A recent study showed that the wealth of the world's super-rich soared last year at the fastest rate in seven years.
How come? As the old saying goes, it's the (new) economy, stupid.
In the new world, money begets more money. Forget business ideas. Forget inventions. Forget hard work; make your money work hard.
But first, you need the C that precedes the other five - Capital.
The new masters of the universe - the hedge fund managers - will tell you as much.
To make this year's list of the 25 highest paid hedge fund managers, published by Alpha magazine, you have to make $365 million.
That's not rich. We're not talking Benz here; we're talking Lear Jets. That's super-rich.
'They're a group that has sprinted ahead of the merely-rich pack,' said sociologist Terence Chong.

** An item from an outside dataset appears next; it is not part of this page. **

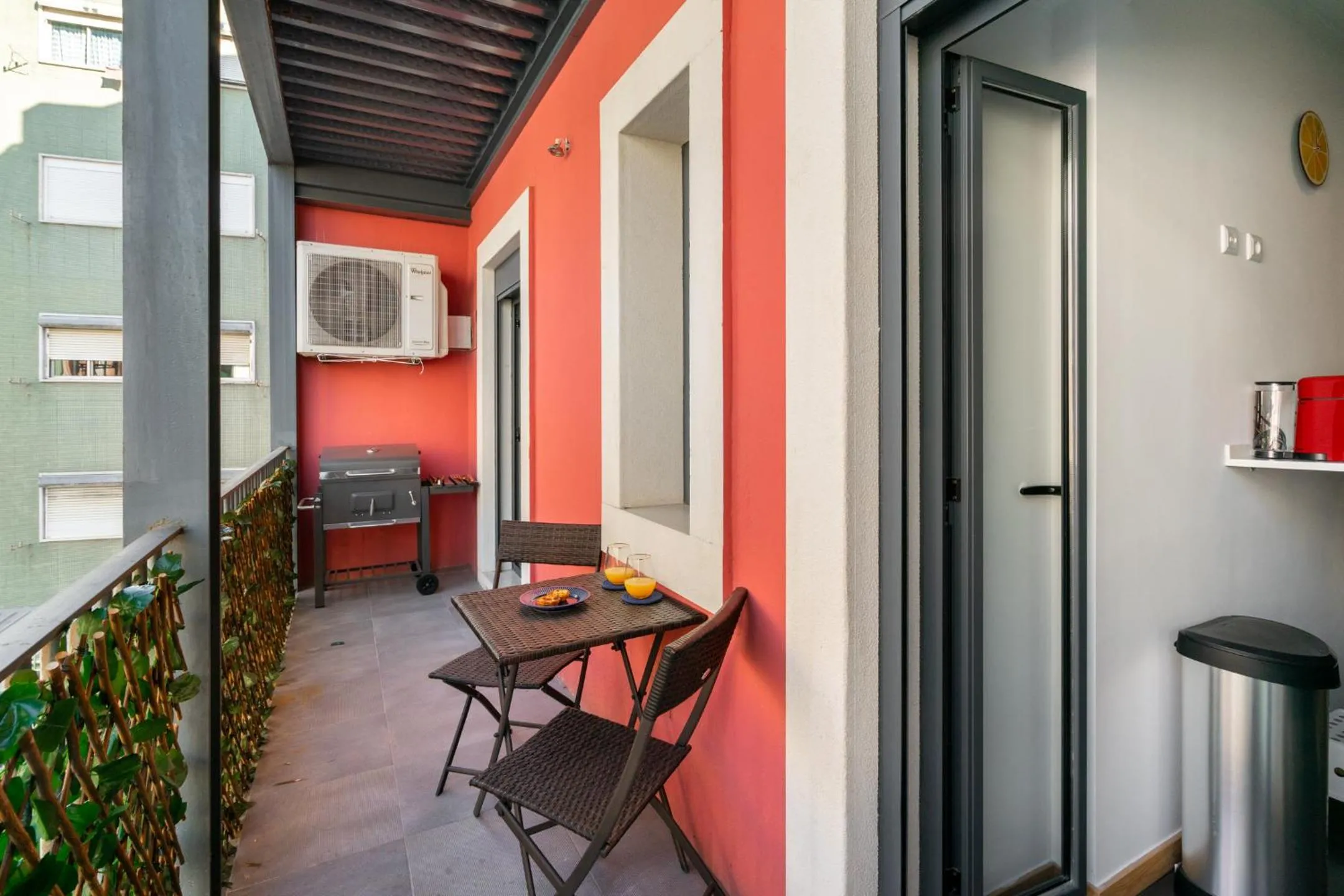 WHome Premium Family Apartment w/ Lift, AC & Barbecue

As if one income gap wasn't enough, we now have to worry about getting left behind, twice over.
In a column last week, the International Herald Tribune (IHT) called this a 'tectonic shift'.
There's an 'uneasy feeling that something is going on here', wrote the writer, referring to London.

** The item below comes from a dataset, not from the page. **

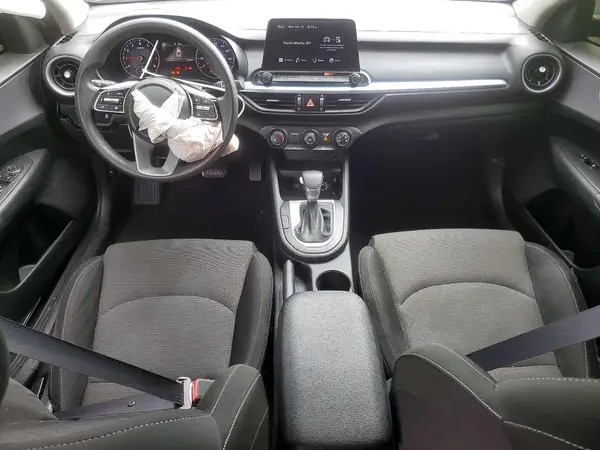 3KPF24AD6NE477978 2022 KIA FORTE - Image 8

Half a world away, that 'something' seems to be going on too.
There are 66,660 millionaires on this small island. We have the fastest-growing population of millionaires in the world. Every en-bloc sale adds a few more to the pot. Every bang on the hot stock exchange nets thousands of bucks.

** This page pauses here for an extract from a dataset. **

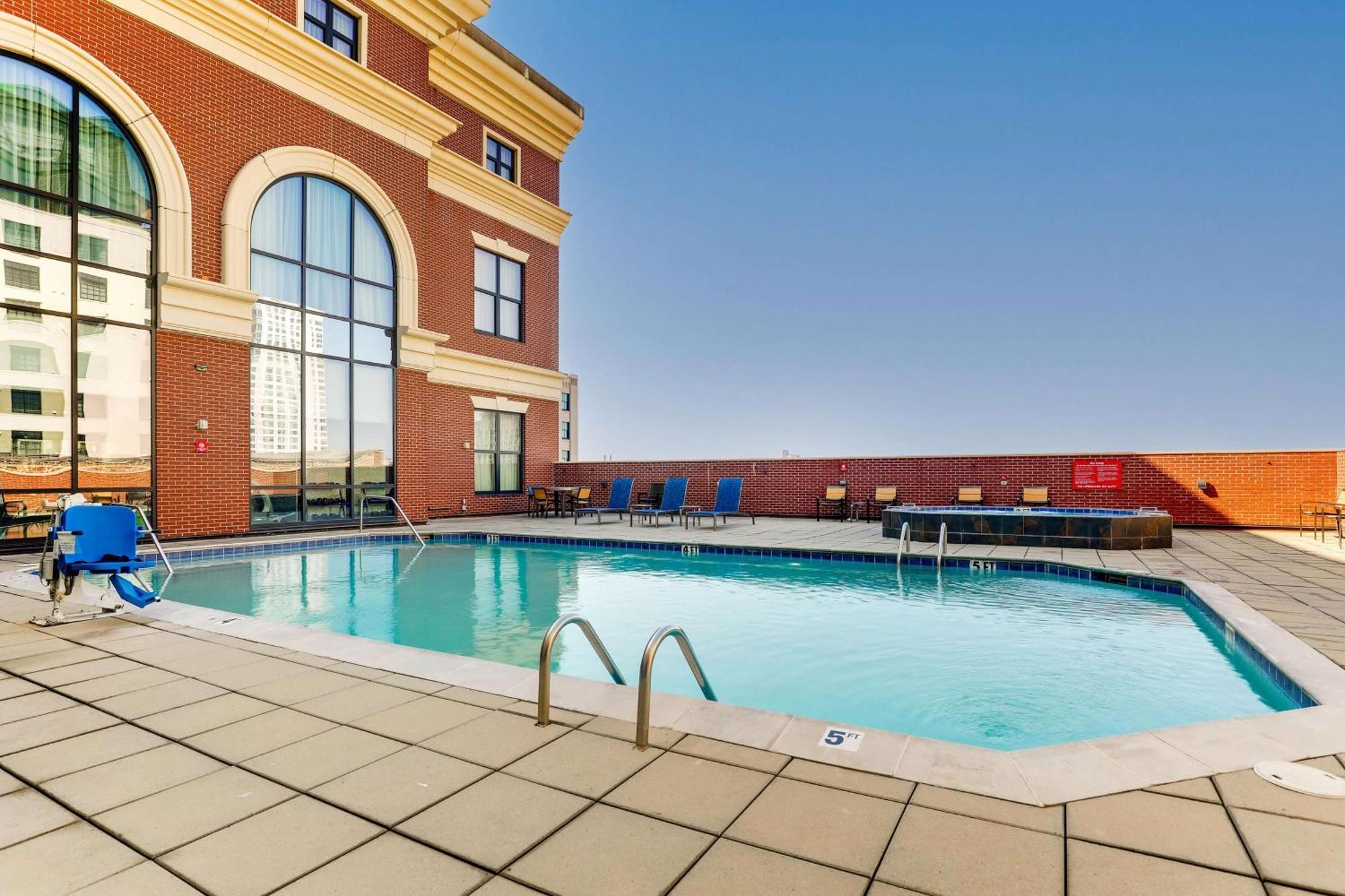 Drury Plaza Hotel New Orleans Exteriör bild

That there is a super-rich class is hardly new. But Bill Gates and Richard Branson had real products to sell. Many of the super-rich these days don't. They just know how to move digits around on a computer screen.
It can be hard for ordinary folks to accept. Cabby John Ang, 34, works from 10am to 3am, making about $160 per day. He works every day. 'Got to, lah,' he said.
GETTING GREEN EYED
He sees more luxury cars on the roads these days. Touch of envy?
Yes, he admits.
'They should pay more taxes,' he said.
Will such sentiment be the Achilles' heel of the new economy?
The paradox is this: Singaporeans are pragmatically capitalist. But we're also suckers for good, old hard work.
Hard work versus capitalist smarts - which way will be the right way? '(London) has distilled globalisation,' wrote Roger Cohen in the IHT. 'The international elite is pricing British accountants, engineers and, yes, journalists out of the multimillion-dollar housing market.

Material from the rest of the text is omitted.